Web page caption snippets
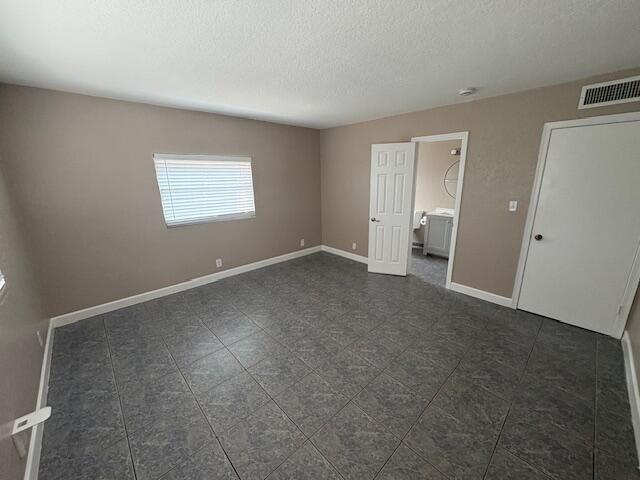 LAUDERHILL MANOR - Residential Lease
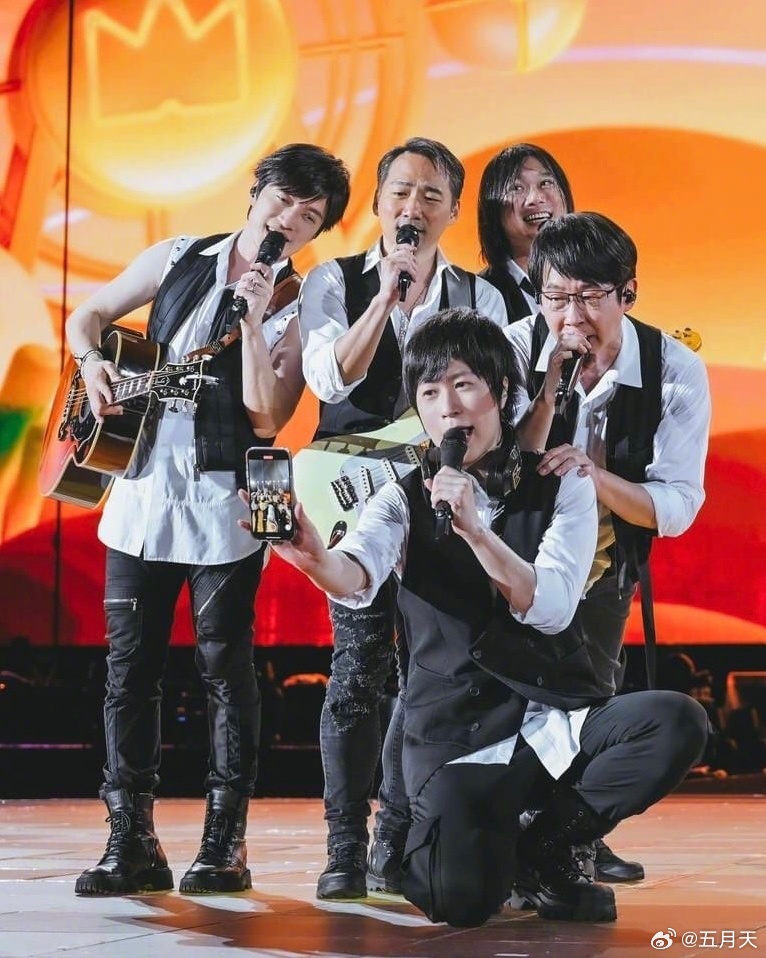 亚洲五月天综合:09-15-20-24-25-49T:10,亚洲五月天,一场跨越时空的音乐盛宴(综合,09-15-20-24-25-49T)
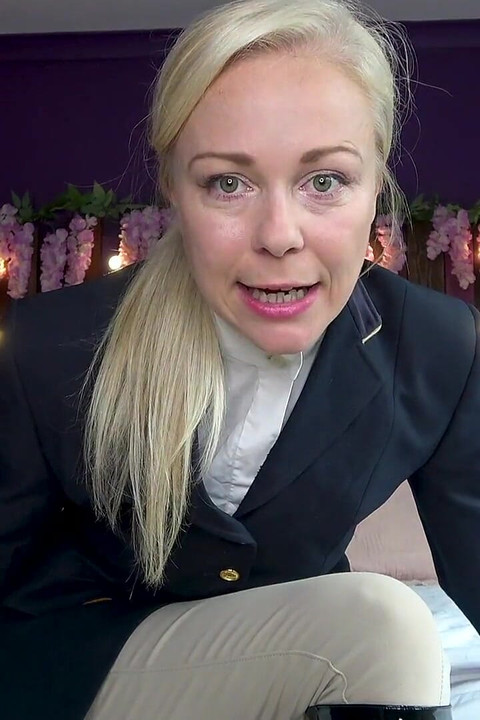 Sniff My Breeches - a Noble Deal with Step-sis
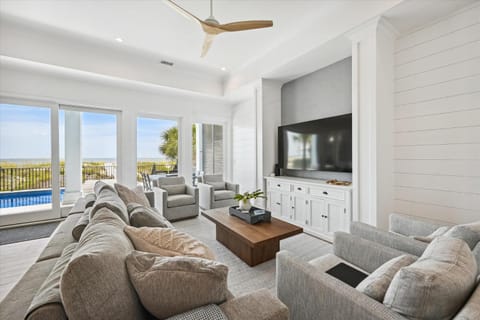 3 Singleton Beach - Oceanfront Estate, Private Pool, Elevator, FREE Activities Included House in Hilton Head Island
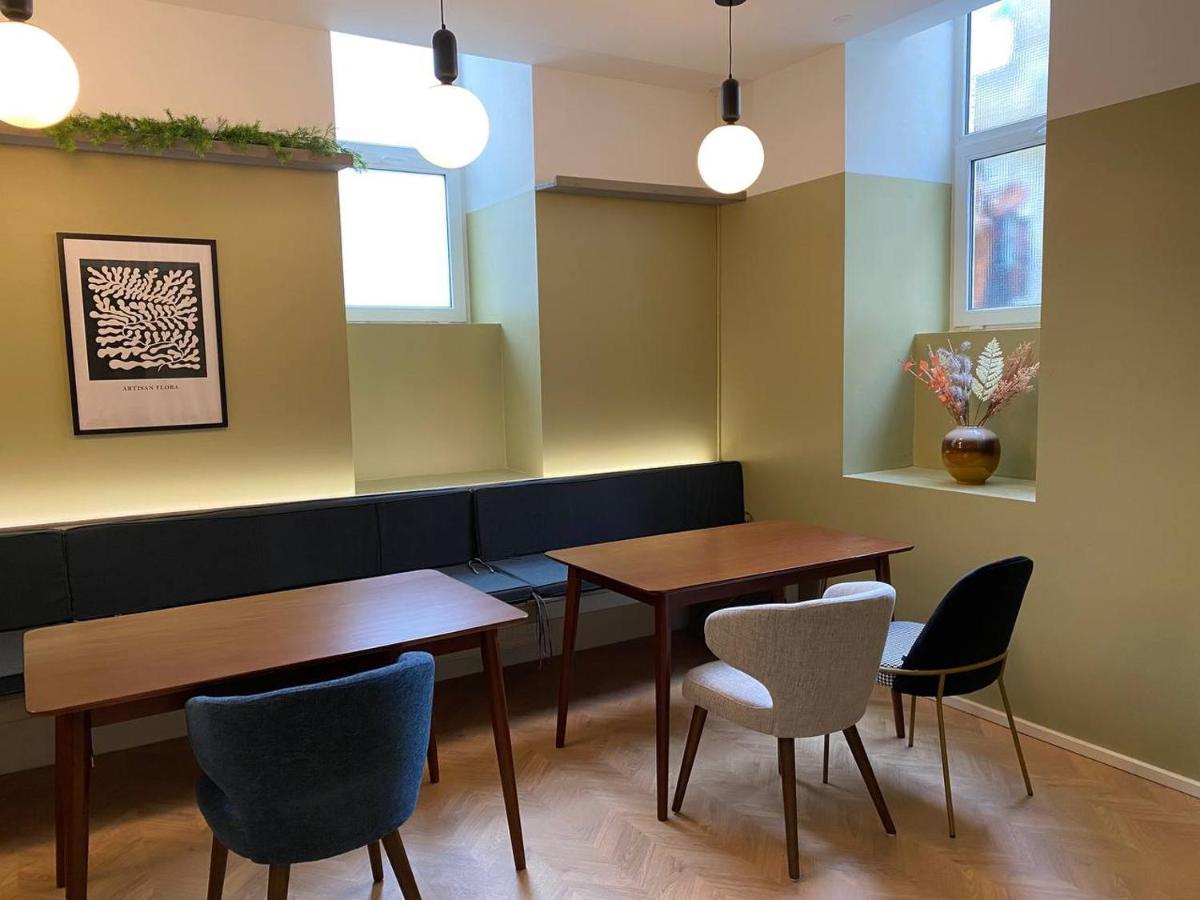 Malfatti Room Oasis With Coworking Space Wien Exteriör bild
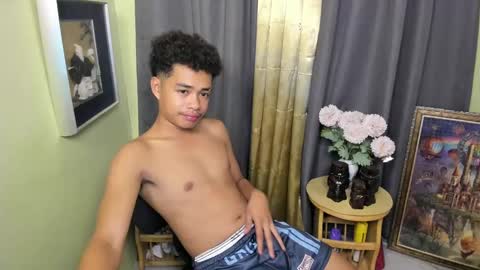 Snapshot of bigcock_moreno chatting on February 27, 1:57 am Nj online show from February 27, 1:57 am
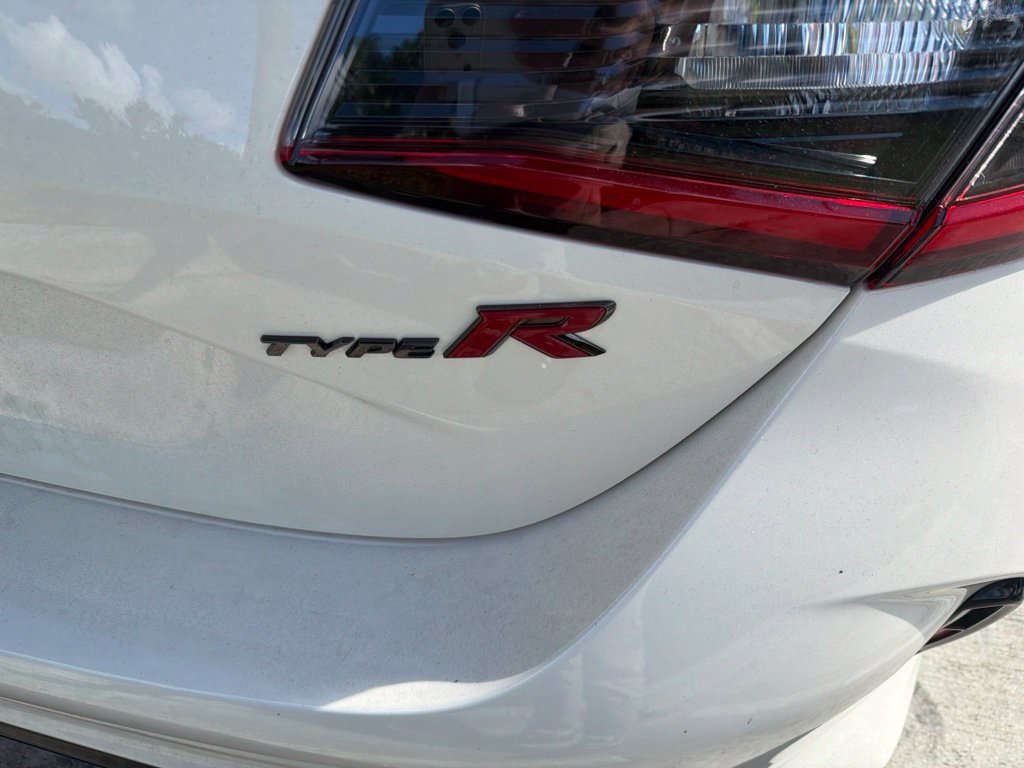 Used 2024 Honda Civic Type R image 3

**Directions:**
Each entry above should be restated word for word, though no picture may appear in the copy.

**Task output:**
 LAUDERHILL MANOR - Residential Lease
 亚洲五月天综合:09-15-20-24-25-49T:10,亚洲五月天,一场跨越时空的音乐盛宴(综合,09-15-20-24-25-49T)
 Sniff My Breeches - a Noble Deal with Step-sis
 3 Singleton Beach - Oceanfront Estate, Private Pool, Elevator, FREE Activities Included House in Hilton Head Island
 Malfatti Room Oasis With Coworking Space Wien Exteriör bild
 Snapshot of bigcock_moreno chatting on February 27, 1:57 am Nj online show from February 27, 1:57 am
 Used 2024 Honda Civic Type R image 3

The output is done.